With preserves, the judge is again looking for flavour and texture. A proper set is important for jams, marmalades and jellies, but sometimes great flavour can overcome a preserve which may not be perfectly set. Ideally jellies and marmalades should be perfectly clear and glistening. Chutneys and relishes should be perfectly cooked, reflect their variety, and be of the appropriate texture so that they can be easily spooned out and are not too runny. Any overcooked preserves will be rejected by the judges, who can tell straight away by appearance and taste. The judge can also tell straight away (by taste and texture) if you have used an artificial jam setting product, and this is frowned up in Show work.

Is judging anonymous?

Absolutely! The judge never knows whose entry they have in front of them, as all judging is done anonymously.

Why do the same people win prizes year after year?

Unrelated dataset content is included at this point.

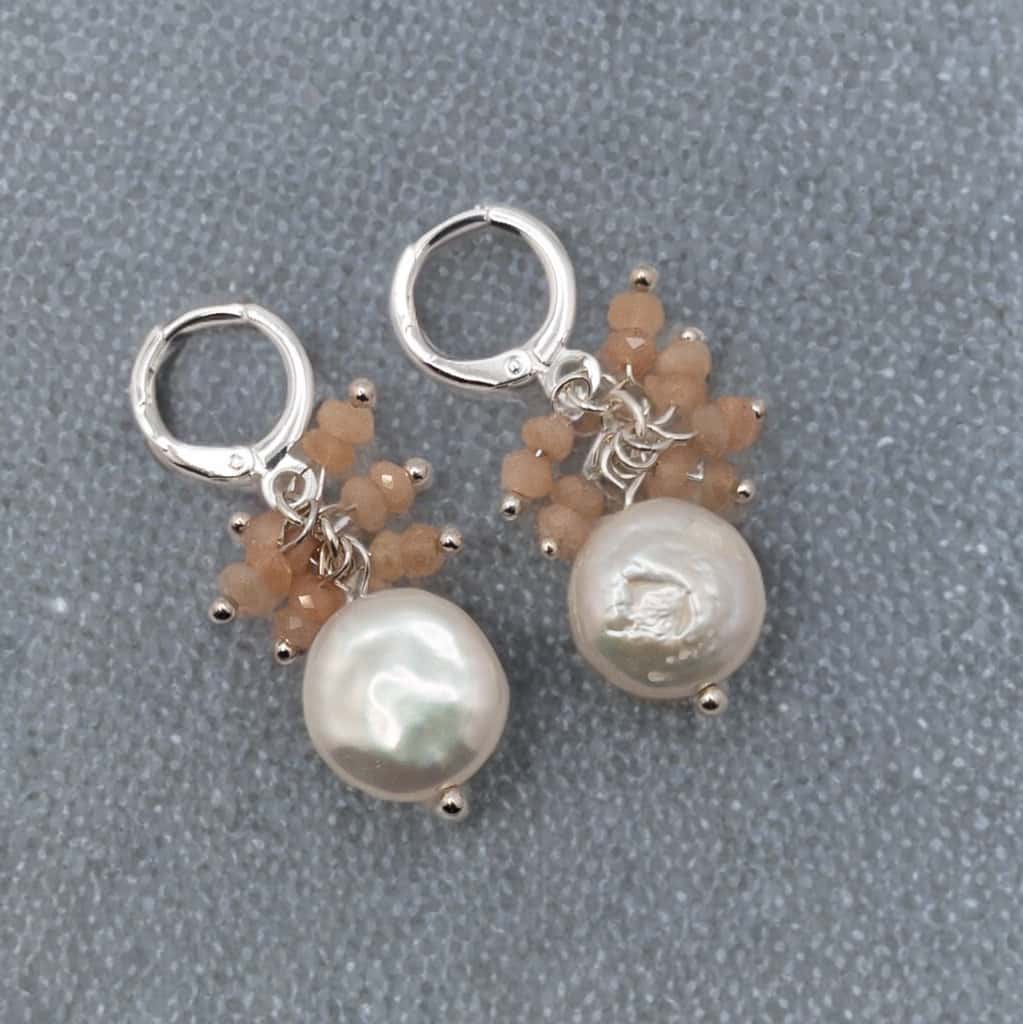 Lustrous freshwater coin pearls are adorned with peach moonstone dangles all hug from sterling silver huggie ear wires.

This does happen (but not as often as you think), and is not because the judge knows who entered the exhibit. The same people win prizes because they are very experienced, and know what the judges are looking for. You can get the same results by entering, learning from your mistakes, and knowing how to win prizes. This can be a lot quicker than you think!

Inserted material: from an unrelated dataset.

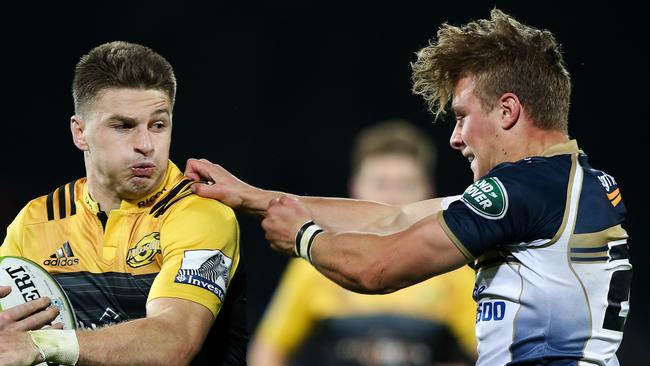 NAPIER, NEW ZEALAND - APRIL 21:  Beauden Barrett of the Hurricanes fends Jordan Jackson-Hope of the Brumbies during the round nine Super Rugby match between the Hurricanes and the Brumbies at McLean Park on April 21, 2017 in Napier, New Zealand.  (Photo by Hagen Hopkins/Getty Images)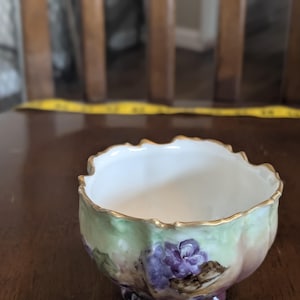 May include: A small, antique porcelain bowl with a scalloped rim and a floral design. The bowl features a white interior, a gold-painted rim, and a painted exterior with green, purple, and brown hues. The bowl is likely used for serving or display.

Jams, jellies and marmalades

preserves jars on display

Entering the Preserves section of a Show can be one of the most daunting, frustrating and rewarding experiences you can have in cooking. But making the perfect clear glistening jelly or marmalade an is an incredibly satisfying experience. Getting it to set properly is another story, which will be the subject of another post! Ultimately, the only way to succeed in the Preserves section is practice, practice, practice, and to learn by your mistakes.
• For jam making, cut fruit evenly, don’t over boil. Use a candy thermometer (available at kitchen shops) for more accurate cooking to test for jelling point. A thermometer is much better than guesswork for Show work. Even then, you need to use your judgment
• Cut fruit for marmalade as finely as possible for Show work. Marmalade should be clear, with fruit evenly suspended. After soaking fruit overnight, cook thoroughly before adding sugar. This is absolutely critical. Most recipes specify an hour cooking before adding sugar to marmalade.
• For jelly making, after fruit has cooked, allow to drip through jelly bag overnight, without squeezing. Jelly should be completely clear and properly set.
• Ensure that jars are properly sterilized before use. Clean in dishwasher if possible, and then thoroughly sterilise before using. Use oven mits to avoid burns with hot jars and preserves.
• Put lids on jars immediately after filling with preserves to inhibit moulds. Store carefully – in the fridge if necessary.
• Make chutneys a month or two ahead of time if possible to allow flavours to develop. This is a common reason why otherwise great chutneys don’t make it to the winner’s circle. If you make it the day before the Show, unfortunately it will taste like it.
• Jam, jelly and marmalade making is often a frustrating experience. Sometimes the fruit is overripe, there was too much rain before the fruit was picked and not enough pectin in the fruit, or it just doesn’t work out. It happens to everyone, and sometimes when it doesn’t jell, it’s nothing to do with the skill of the cook. If instead of a jam you have a runny sauce, your family might appreciate a nice dessert sauce instead!